Britain is missing out on £250m a year in tax from online gambling profits made by high-street bookmakers and casinos.

That is according to a probe which reveals that the proceeds from lucrative and heavily advertised 'remote gambling' operations are disappearing into off-shore accounts in Gibraltar, Jersey and the Isle of Man.

Participants in avoidance schemes include established high street names such as William Hill and Ladbrokes, as well as web-based operators like Betfair and 888.

The total amount of money shielded by the gambling firms reportedly exceeds the amount avoided by Starbucks and Amazon, which have been heavily criticised for legitimately reducing their tax burden by using schemes.

The Independent, which probed the activity, estimated that the public purse had missed out to the tune of £1bn since 2009.

Offshore loophole

A loophole in betting duty rules is blamed for the situation.
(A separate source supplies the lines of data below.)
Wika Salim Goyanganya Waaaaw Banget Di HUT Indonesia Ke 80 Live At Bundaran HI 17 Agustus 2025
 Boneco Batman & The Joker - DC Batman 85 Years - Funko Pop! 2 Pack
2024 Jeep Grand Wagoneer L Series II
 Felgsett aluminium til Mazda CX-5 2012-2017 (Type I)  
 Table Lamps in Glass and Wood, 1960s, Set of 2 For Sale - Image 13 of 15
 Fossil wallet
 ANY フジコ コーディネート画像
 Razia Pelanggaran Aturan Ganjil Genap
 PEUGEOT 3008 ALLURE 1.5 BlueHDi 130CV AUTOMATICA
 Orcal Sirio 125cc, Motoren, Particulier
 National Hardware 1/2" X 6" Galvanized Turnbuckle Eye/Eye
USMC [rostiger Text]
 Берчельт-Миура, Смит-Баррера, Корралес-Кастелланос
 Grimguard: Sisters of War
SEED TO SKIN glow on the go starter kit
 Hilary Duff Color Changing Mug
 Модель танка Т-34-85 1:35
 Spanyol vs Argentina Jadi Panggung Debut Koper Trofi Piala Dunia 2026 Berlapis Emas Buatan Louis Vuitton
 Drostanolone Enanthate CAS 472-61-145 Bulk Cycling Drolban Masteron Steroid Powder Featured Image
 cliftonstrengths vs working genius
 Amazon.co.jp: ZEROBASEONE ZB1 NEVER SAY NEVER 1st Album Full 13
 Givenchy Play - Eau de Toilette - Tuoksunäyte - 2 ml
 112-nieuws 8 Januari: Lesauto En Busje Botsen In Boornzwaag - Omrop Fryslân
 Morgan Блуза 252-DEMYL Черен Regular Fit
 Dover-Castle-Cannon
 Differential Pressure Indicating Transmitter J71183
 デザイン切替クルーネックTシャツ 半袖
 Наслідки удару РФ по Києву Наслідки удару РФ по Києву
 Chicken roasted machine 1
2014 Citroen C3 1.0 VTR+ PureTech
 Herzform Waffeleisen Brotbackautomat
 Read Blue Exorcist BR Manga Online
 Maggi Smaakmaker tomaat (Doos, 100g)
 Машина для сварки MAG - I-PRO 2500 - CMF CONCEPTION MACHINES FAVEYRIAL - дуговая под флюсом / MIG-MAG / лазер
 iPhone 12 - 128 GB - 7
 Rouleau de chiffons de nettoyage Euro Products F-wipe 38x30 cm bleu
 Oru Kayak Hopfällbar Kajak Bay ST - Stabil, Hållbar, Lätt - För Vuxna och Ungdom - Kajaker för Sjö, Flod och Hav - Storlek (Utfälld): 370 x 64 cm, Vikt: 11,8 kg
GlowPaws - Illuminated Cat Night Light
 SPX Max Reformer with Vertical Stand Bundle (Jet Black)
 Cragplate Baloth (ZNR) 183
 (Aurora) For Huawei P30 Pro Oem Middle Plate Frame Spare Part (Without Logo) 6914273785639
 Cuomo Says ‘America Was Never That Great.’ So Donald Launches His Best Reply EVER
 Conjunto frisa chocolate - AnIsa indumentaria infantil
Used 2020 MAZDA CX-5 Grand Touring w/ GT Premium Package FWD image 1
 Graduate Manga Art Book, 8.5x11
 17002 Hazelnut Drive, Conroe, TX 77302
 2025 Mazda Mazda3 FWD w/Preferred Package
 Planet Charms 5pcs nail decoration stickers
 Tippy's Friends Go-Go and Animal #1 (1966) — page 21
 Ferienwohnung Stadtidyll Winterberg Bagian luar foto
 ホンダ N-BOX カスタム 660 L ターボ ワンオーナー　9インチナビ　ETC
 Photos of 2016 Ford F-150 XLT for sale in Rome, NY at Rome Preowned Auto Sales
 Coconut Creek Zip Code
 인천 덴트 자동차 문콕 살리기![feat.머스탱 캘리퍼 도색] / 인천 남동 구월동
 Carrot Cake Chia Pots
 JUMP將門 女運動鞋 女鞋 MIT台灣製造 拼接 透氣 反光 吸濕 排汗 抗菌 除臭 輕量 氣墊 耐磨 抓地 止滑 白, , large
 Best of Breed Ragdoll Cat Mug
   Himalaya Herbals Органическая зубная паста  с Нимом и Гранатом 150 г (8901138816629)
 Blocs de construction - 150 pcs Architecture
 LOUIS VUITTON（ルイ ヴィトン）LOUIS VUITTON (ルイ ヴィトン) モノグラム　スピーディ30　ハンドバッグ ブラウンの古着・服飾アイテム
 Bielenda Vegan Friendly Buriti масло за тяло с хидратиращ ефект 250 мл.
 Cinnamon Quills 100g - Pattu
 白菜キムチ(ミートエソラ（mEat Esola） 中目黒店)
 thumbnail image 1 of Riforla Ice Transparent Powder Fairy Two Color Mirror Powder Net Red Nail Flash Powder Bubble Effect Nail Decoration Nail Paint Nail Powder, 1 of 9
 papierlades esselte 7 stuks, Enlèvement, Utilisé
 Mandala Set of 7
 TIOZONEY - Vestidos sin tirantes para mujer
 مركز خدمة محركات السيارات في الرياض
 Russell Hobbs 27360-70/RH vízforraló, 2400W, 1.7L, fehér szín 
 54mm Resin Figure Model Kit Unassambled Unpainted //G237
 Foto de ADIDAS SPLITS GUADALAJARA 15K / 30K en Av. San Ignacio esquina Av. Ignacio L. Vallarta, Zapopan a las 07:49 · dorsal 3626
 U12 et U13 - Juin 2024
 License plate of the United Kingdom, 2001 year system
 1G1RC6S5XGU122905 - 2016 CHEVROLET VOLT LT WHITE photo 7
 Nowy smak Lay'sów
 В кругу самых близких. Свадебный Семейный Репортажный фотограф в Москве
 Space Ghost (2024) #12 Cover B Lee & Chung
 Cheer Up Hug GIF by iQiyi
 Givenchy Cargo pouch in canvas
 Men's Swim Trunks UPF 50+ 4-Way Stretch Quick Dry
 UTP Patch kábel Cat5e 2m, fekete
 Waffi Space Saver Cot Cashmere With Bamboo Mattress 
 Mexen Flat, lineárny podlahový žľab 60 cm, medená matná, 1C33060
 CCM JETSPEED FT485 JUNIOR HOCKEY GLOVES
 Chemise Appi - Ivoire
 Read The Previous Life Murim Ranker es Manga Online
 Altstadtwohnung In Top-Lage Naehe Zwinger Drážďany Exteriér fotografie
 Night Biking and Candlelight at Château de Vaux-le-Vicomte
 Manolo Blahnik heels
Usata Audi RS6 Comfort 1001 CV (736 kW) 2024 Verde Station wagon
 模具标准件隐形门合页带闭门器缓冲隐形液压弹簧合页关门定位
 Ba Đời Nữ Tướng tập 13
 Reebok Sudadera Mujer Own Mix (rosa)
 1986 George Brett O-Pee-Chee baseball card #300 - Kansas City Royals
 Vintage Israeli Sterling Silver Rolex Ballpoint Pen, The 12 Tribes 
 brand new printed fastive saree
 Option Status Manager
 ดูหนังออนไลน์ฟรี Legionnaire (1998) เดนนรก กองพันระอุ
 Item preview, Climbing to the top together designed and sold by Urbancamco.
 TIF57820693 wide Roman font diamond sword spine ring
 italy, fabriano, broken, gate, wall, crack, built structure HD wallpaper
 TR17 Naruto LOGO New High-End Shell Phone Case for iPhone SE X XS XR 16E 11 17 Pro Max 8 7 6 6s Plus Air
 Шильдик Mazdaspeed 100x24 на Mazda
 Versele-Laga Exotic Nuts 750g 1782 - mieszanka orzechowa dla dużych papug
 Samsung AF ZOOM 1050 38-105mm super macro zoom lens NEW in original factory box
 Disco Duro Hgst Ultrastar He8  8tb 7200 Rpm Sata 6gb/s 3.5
At present, gambling firms are taxed according to where they collect a bet, rather than where the gambler places it. So a bet placed by a punter on a computer in Britain is taxed not in the UK, but where the money is sent - the tax haven in which the bookmaker is registered as a company.

The government is set to close the 'offshoring' loophole, but not until 2015.

Explaining its decision to relocate to Gibraltar, Ladbrokes said it fled UK tax laws "reluctantly," and claimed to have paid £155 million in taxes in the UK in 2011. William Hill said that fierce competition from abroad necessitated its relocation to Gibraltar.

A Ladbrokes spokesman said: "In November 2009 Ladbrokes publicly announced it was reluctantly relocating its online operations to Gibraltar, stating that competing from the UK against offshore competitors with significant tax advantages had become untenable. 

"The choice for our digital business was to remain in the UK and watch our customers continue to relocate to competitors or relocate to survive and compete."

William Hill denied it was involved in an avoidance scheme. A spokesman said: "In 2009 our online sports betting business was moved to be co-located with our online casino business in Gibraltar to enable William Hill to compete on level terms with international rivals, in an environment where margins are significantly less than in an equivalent retail business."